THE MONETIZATION OF MUSIC MARKETS

Luxi: You have a Pledge Music campaign going on for this album with all kinds of goodies available. How important is this platform of Pledge Music for bands as a marketing tool? Do you believe more and more bands will find it a better alternative to record labels with their often-complicated contracts (royalties, merchandise, etc.)?

Phil: Considering the change in role of the record, which has gone from being the end product to being a marketing product, the monetization of music has reverted back to the live show and associated products such as merchandise. As such, it is imperative that bands seek to maximize their merchandise campaigns and to that end, Pledge Music is a highly valuable option. There may be others, but we elected to work with Pledge Music and it has been very exciting.

Luxi: How do you see the music business nowadays with the Internet and its countless possibilities which have changed the industry quite dramatically and not necessarily in a good light?

Phil: Not necessarily. The main difference in the music business today can be summarized in the fact that the role of the recording has changed from an end product to a marketing product. At one time we used to make records and CDs and sell them. We used merchandising and live performances to some degree as a promotion to generate sales of records, but now we use the music to promote the live show experience and sales of merchandise. In a way this represents a much more traditional and pure industry in that the live show is at the center of the business; a recording can be copied but a live show cannot. There was also a colorful debate a while ago where artists were not happy with the level of compensation that they received from record sales compared to what the labels would make. I think that this has now changed and that the new industry can be made to be more equitable.

ABOUT WORLD DOMINANCE, PEACE ON EARTH, TIME TRAVEL AND A SPIRIT OF LOVE IN GOTHAM CITY

Luxi: I assume your current US dates are only one part of your future touring plans.

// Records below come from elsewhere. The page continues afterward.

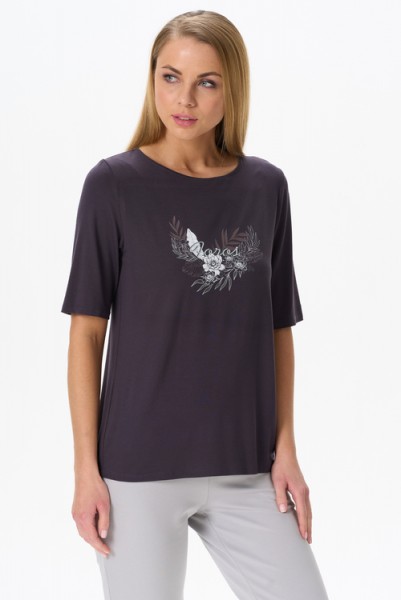 L0163-F94.4S00 �������� - fancymoda.ru ������������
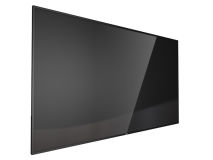 HISENSE 86" E Series Digital Signage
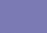 10 Briefumschläge B6 Nr.1480060 violett - cArt-Us -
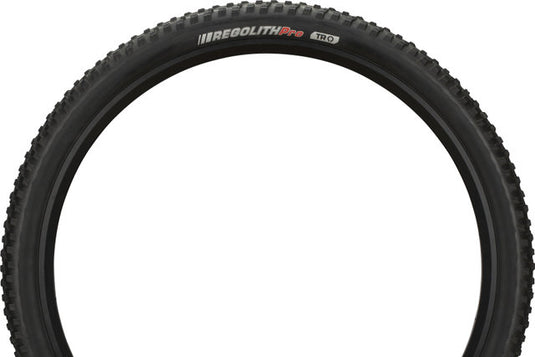 Kenda regolith pro tr 29 folding tyre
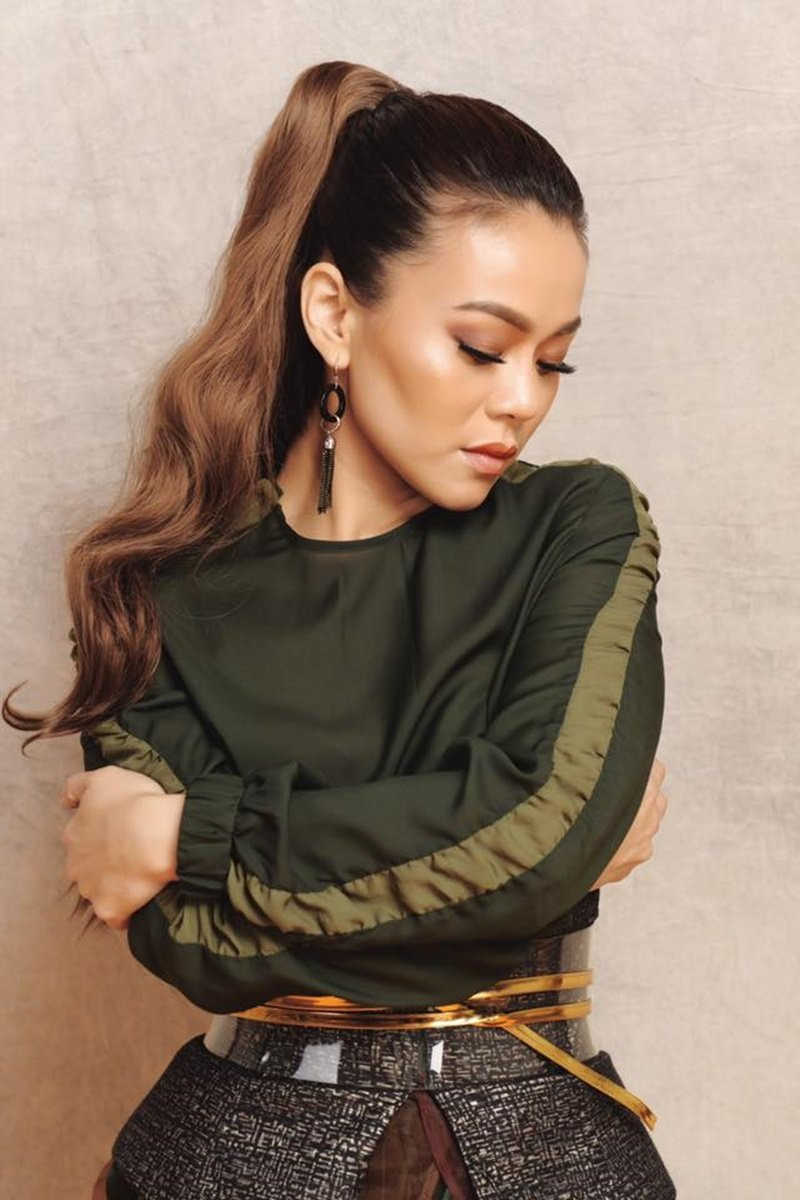 hai-yen-idol-nguoiduatin-1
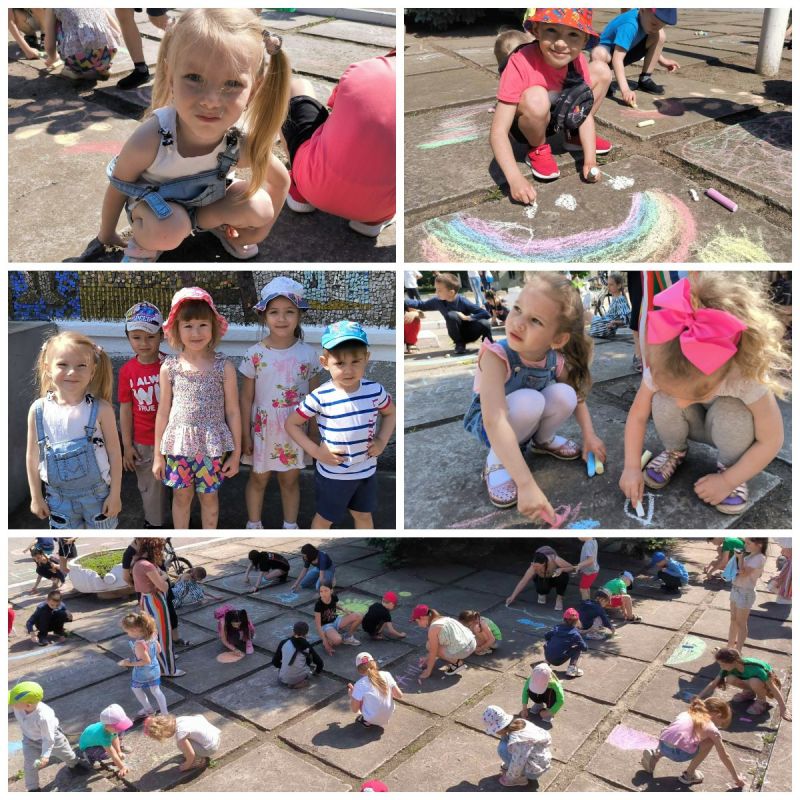 ������� ��������� ������������ � �� ��������! ����������� ��� � ������������� ���� ������ �����!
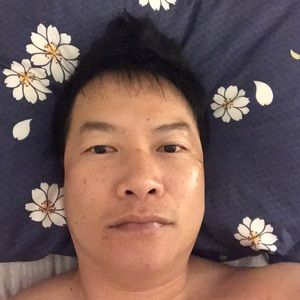 Meet your Posher, Cuong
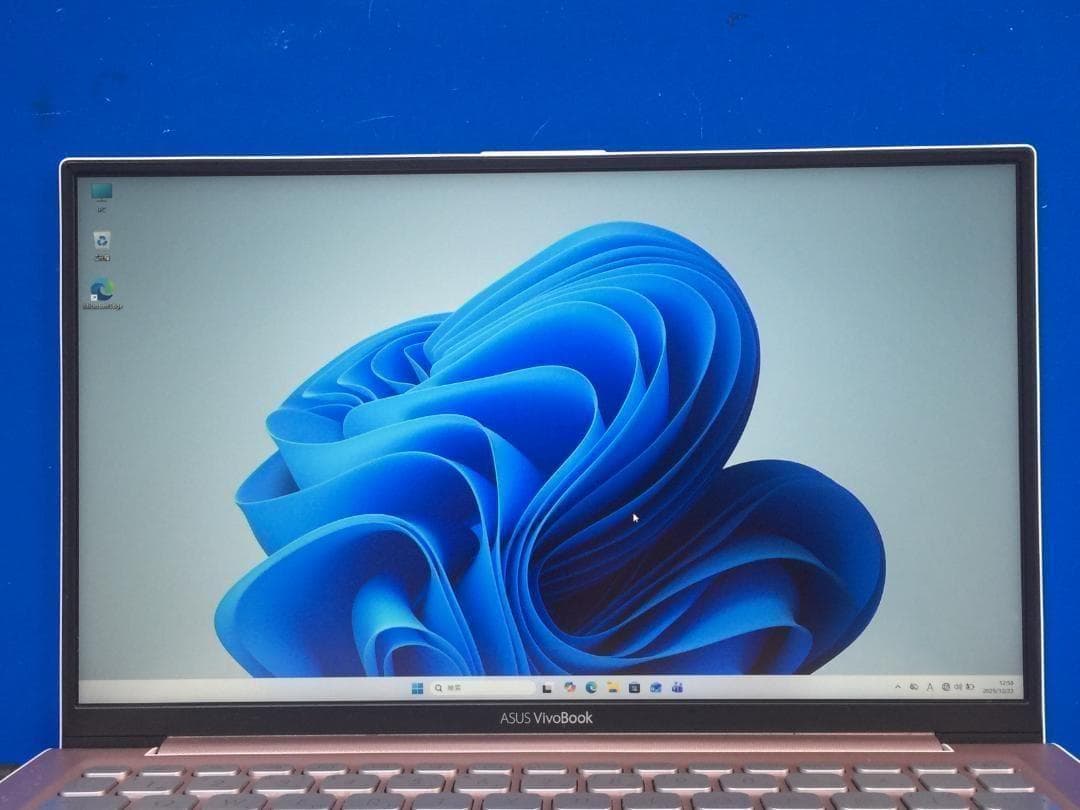 ASUS S330UA 8世代 13.3型 /SSD/IPS フルHD液晶 軽量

Do you have plans for some European summer festivals? Are you aiming to cover the rest part of the world as well, countries like Japan, Australia, Russia, and so on?

Phil: Hopefully! We do have to work around Vivian's schedule with Def Leppard for example, however, we are trying to plan dates in Europe and South America. We hope to be able to plan shows in Japan also.

Luxi: Do you have some important venues that are always great place to perform for you personally? If so, can you name which ones are some of your favorites?

Phil: Not really, all the shows are great for us primarily because of the fans and not so much for the venues! Having said that, it is going to be a thrill to play the Download Festival this year. The last time I played Donnington was when we headlined it when I was with Ozzy back in 1986. Funny, as Def Leppard supported us, and it was Rick Allen's first show after his accident.

Luxi: What can you tell us about the age distribution at your gigs? Do you see the band's shows as uniting many different rock/metal generations?

Phil: Yes, we see people of all ages but ultimately all fans of modern classic rock music. Ours is a style of rock that seems not to be that common. Playing some of the festivals over the last couple of years it seemed to me that many of the bands were more metal than classic and that those that were classic are playing old hits with less of a focus on new music. We are very fortunate in having that magic spark that draws people to our new material and that seems to be reflected in the wide cross-section of our audiences.

Luxi: Okay, one last question and then we are done; what's your personal goal with Last in Line that you'd like to reach in 2019?

Phil: World dominance, peace on earth, time travel and a spirit of love in Gotham City.

Luxi: I sincerely want to thank you for your time with this interview and I wish you all the best in life in and out of Last in Line. May the final words be yours...

Phil: Just looking forward to seeing our fans and taking this album, that we are so proud of, to them in person!